Two objectives in Training FFS surgeons were prioritized:
- Identify considerations which should be evaluated prior to performing facial gender surgery and
- Determine the ideal methods to minimize risks related to facial gender affirming procedures
Dr. Capitán returned to Spain with renewed energy from The Meeting, thanks to the teaching, learning and professional networking experience it offered in a single weekend.
“This kind of event refuels our motivation to evolve as it provides an opportunity to share our work with the scientific world and receive immediate feedback spontaneously.
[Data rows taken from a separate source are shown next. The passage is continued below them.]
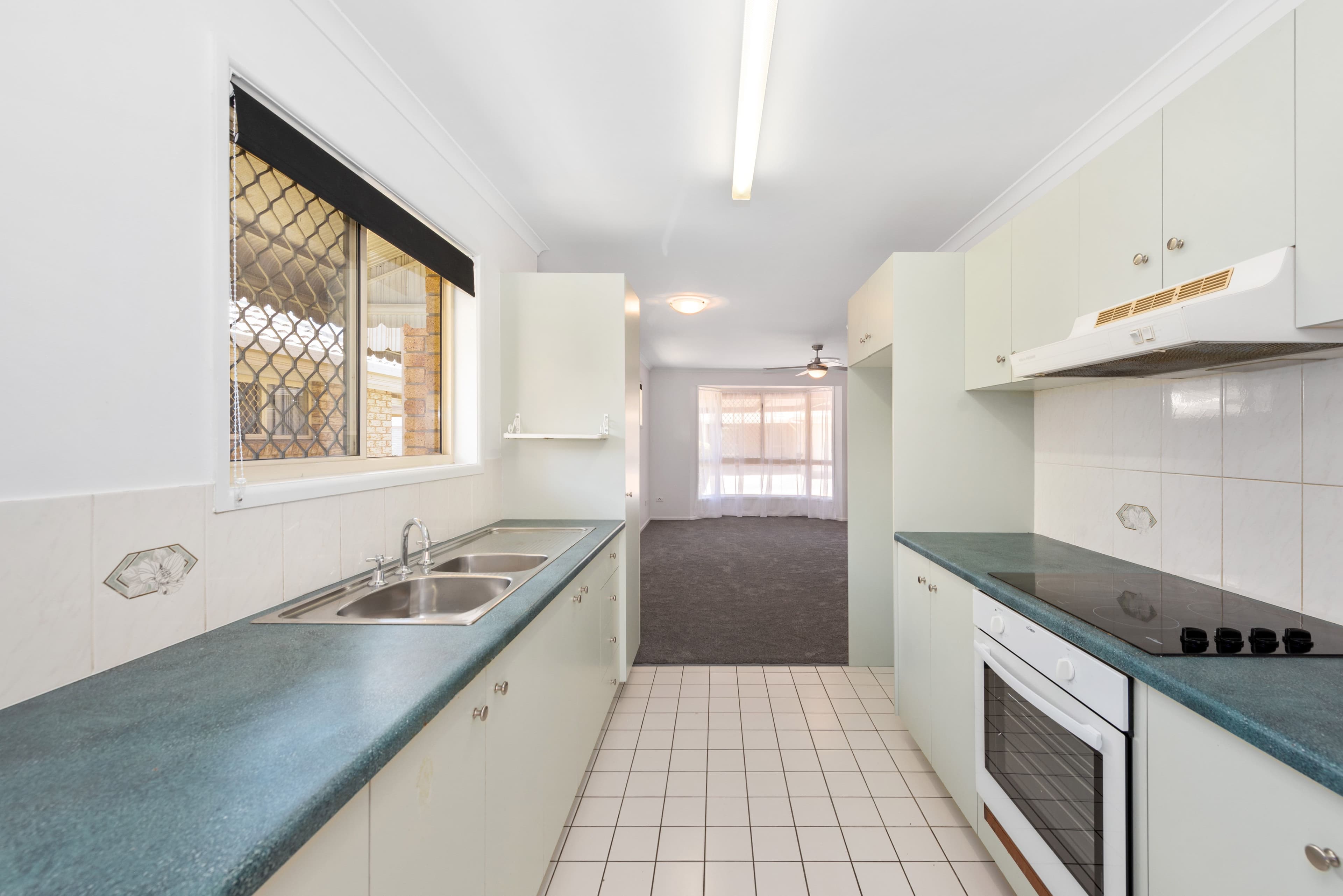 30 Meadowlands Road, Carina QLD 4152, Carina - Thumbnail 3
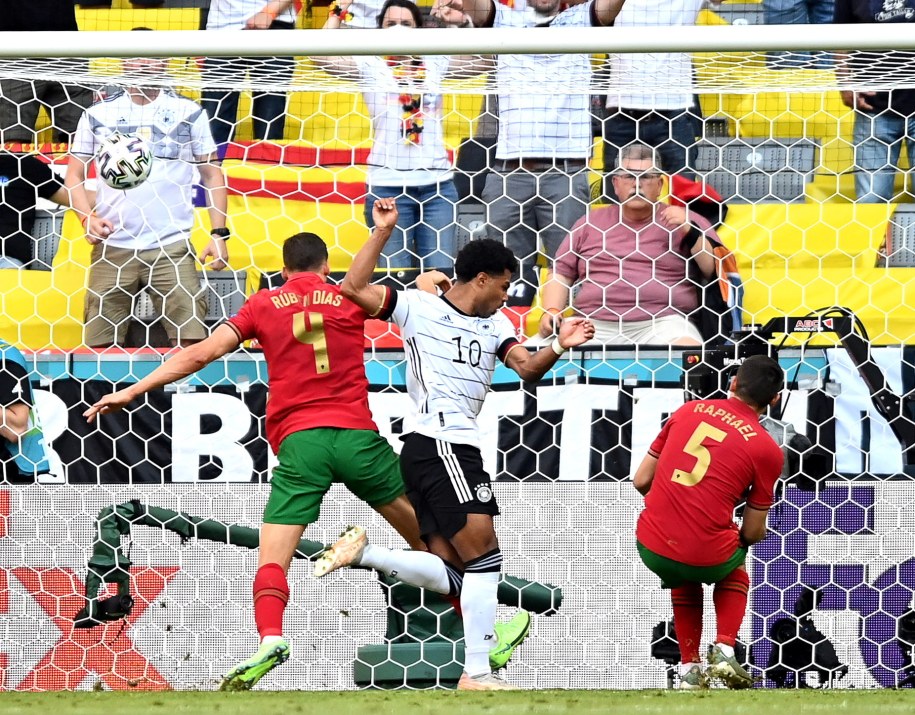 Raphael Guerreiro w 39' spotkania strzelił - drugą podczas tego meczu - bramkę samobójczą /Philipp Guelland / POOL /PAP/EPA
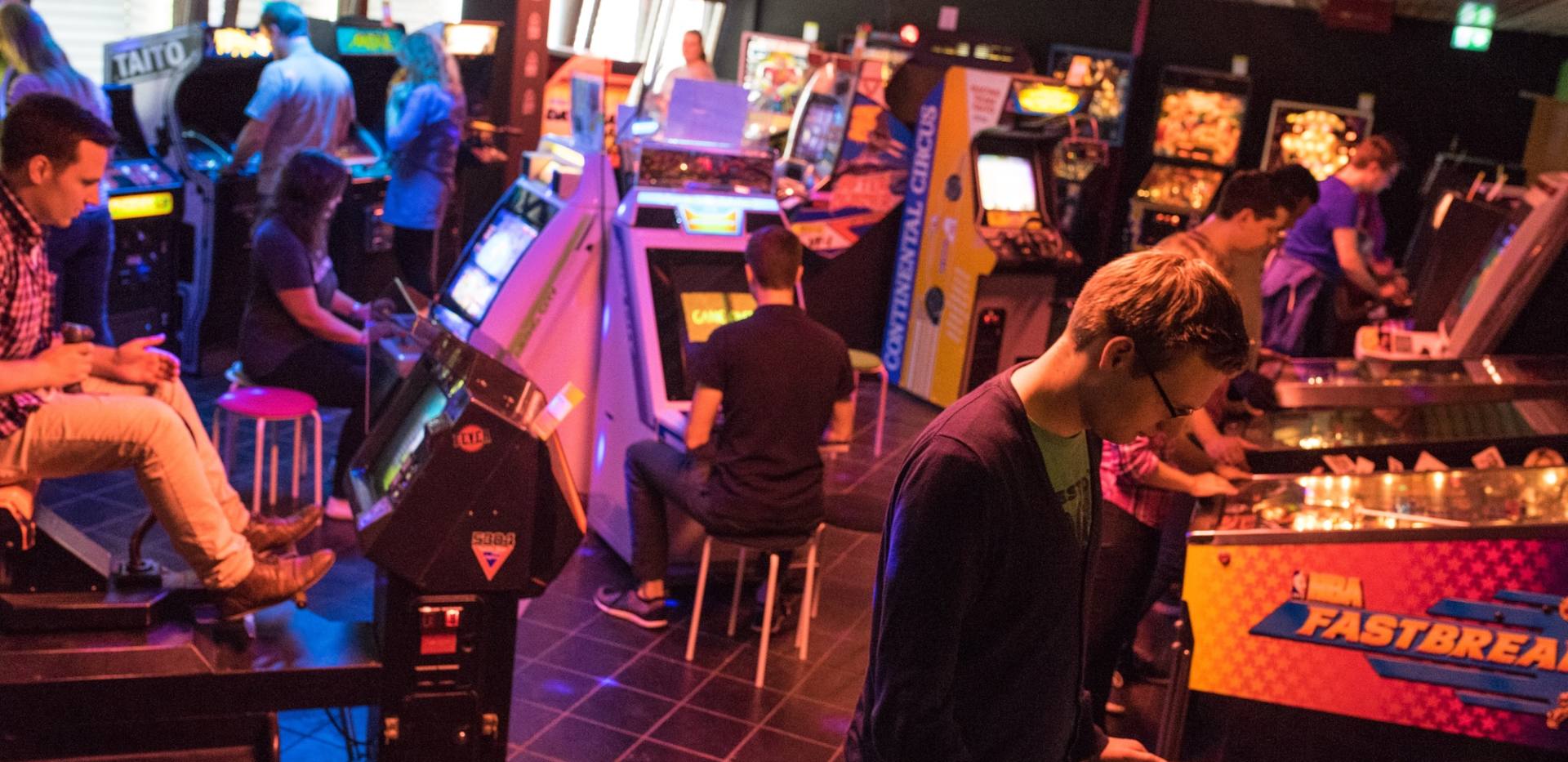 Zocken an Flippern und Racing-Automaten in der OCM-Arcade Zocken an Flippern und Racing-Automaten in der OCM-Arcade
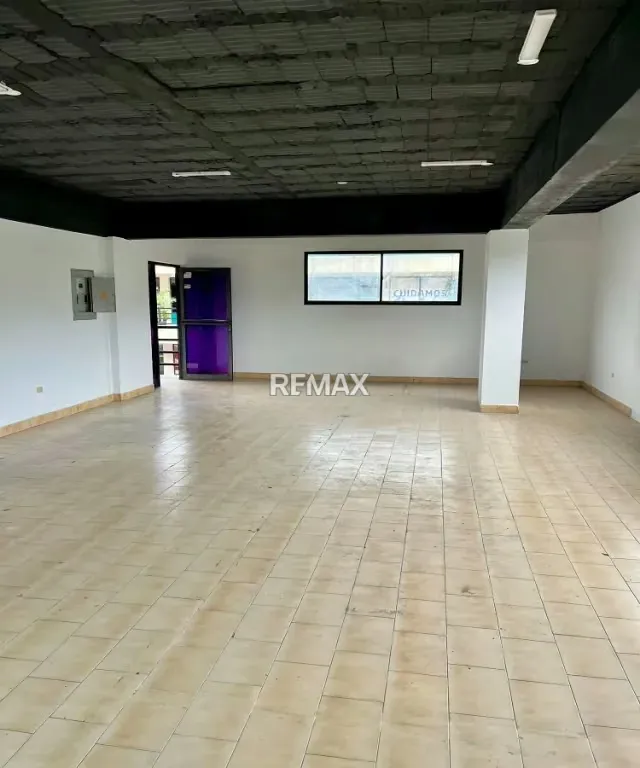 Amplio Local Comercial en Venta. CC NOVOCENTRO. PLC. - 4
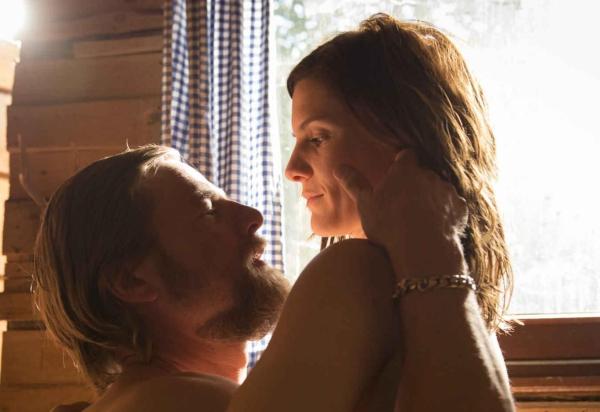 Bild 1 von 25: Als Mick (Henning Baum, l.) miterleben muss, wie die junge Motorradfahrerin Astrid (Christina Hecke, r.) von seinem Kollegen schikaniert wird, quittiert er ad hoc den Dienst und macht sich stattdessen einen schönen Nachmittag mit der selbstbewussten Sozialpädagogin ...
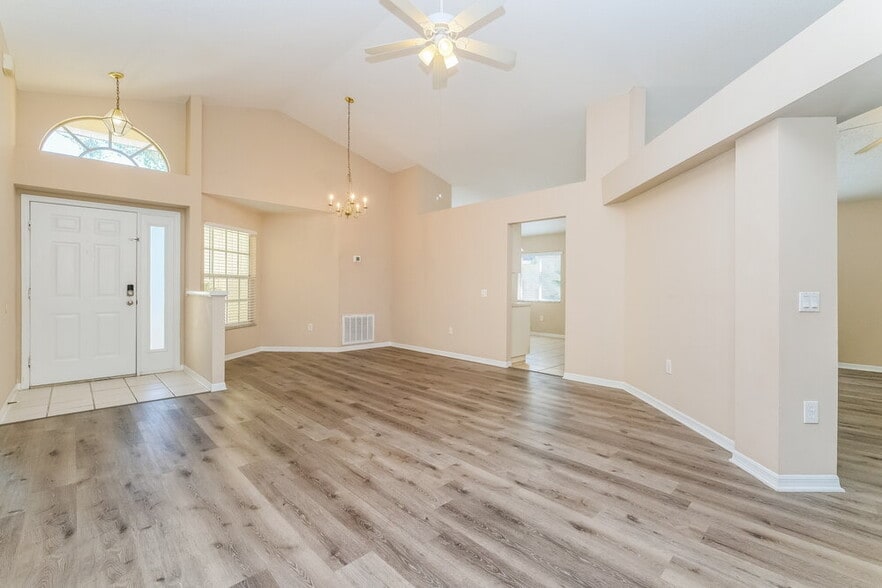 Building Photo - 28246 Tall Grass Dr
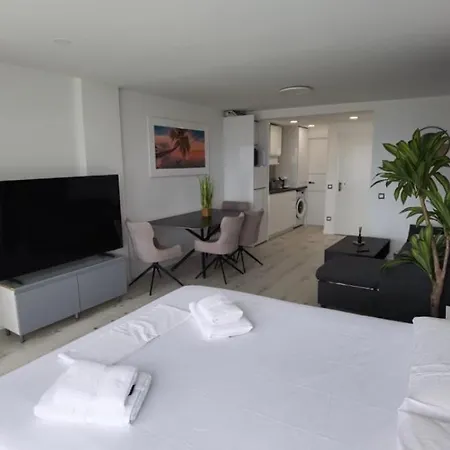 Jsh Primera Linea Διαμέρισμα Μπένιντορμ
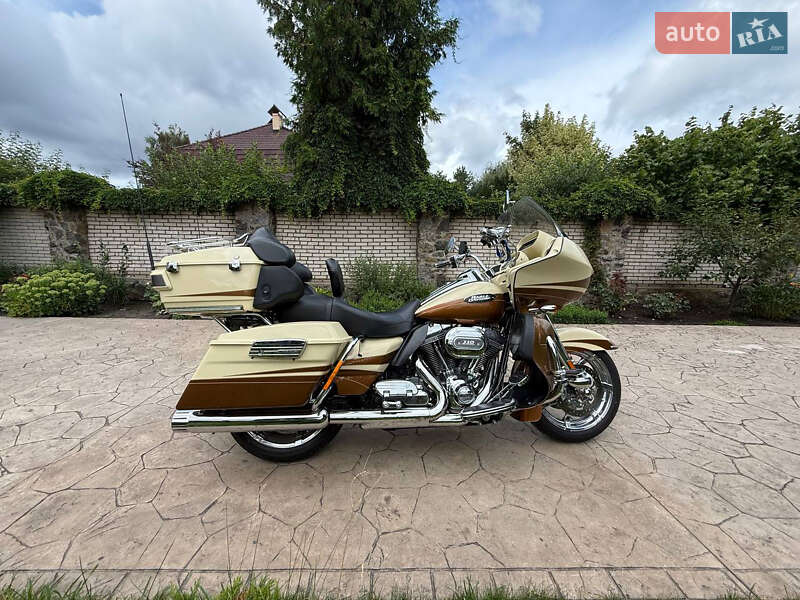 Мотоцикл Круизер Harley-Davidson CVO Road Glide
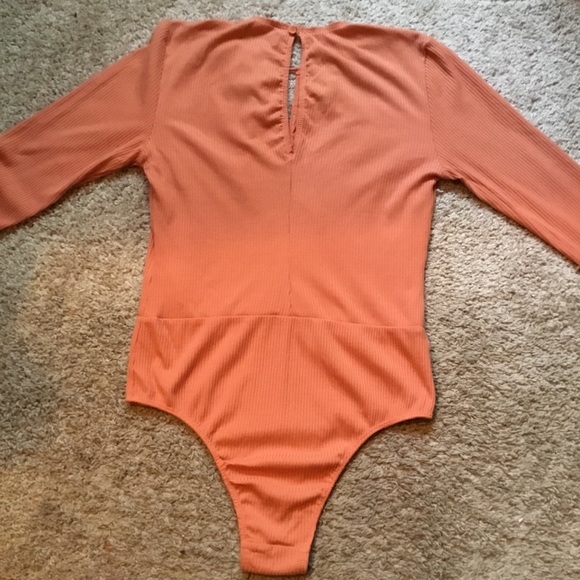 Reformation Laurence Bodysuit-Sz XL - Picture 4 of 8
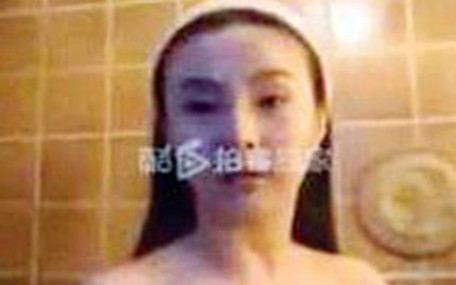 Seksi banyo videosuyla kızına koca arıyor!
It was also an excellent way to connect with current and new medical technology providers.“
The American Society of Plastic Surgeons® (ASPS) receives certification by the Accreditation Council for Continuing Education to provide continuing medical education for physicians. The ASPS designated the Facial Feminization Surgery Cadaver Lab, a live activity training FFS surgeons, for a maximum of 3.75 AMA PRA Category 1 Credit™
ASPS is a leading international authority on cosmetic and reconstructive plastic surgery, organizing the largest event of its kind, with representation from 74 countries. The cadaver labs permit trainee surgeons to practice techniques while receiving guidance from some of the specialty’s master surgeons.
The practice of cad-labs for training surgeons
“It all started in 3rd century ancient Greece with two physicians by the name of Herophilus of Chalcedon and Erasistratus of Ceos. They practiced the dissection of cadavers in Alexandria, and it was the dominant means of learning anatomy.” (Wikipedia “cadaver”). Thereafter, the practice of research with human specimens surged and waned due to political and ethical circumstances, but the importance is clear: “indispensable for a sound knowledge in anatomy which can ensure safe as well as efficient clinical practice.” (Sanjib Kumar Ghosh, Anat Cell Biol. 2015 Sep; 48(3): 153–169.).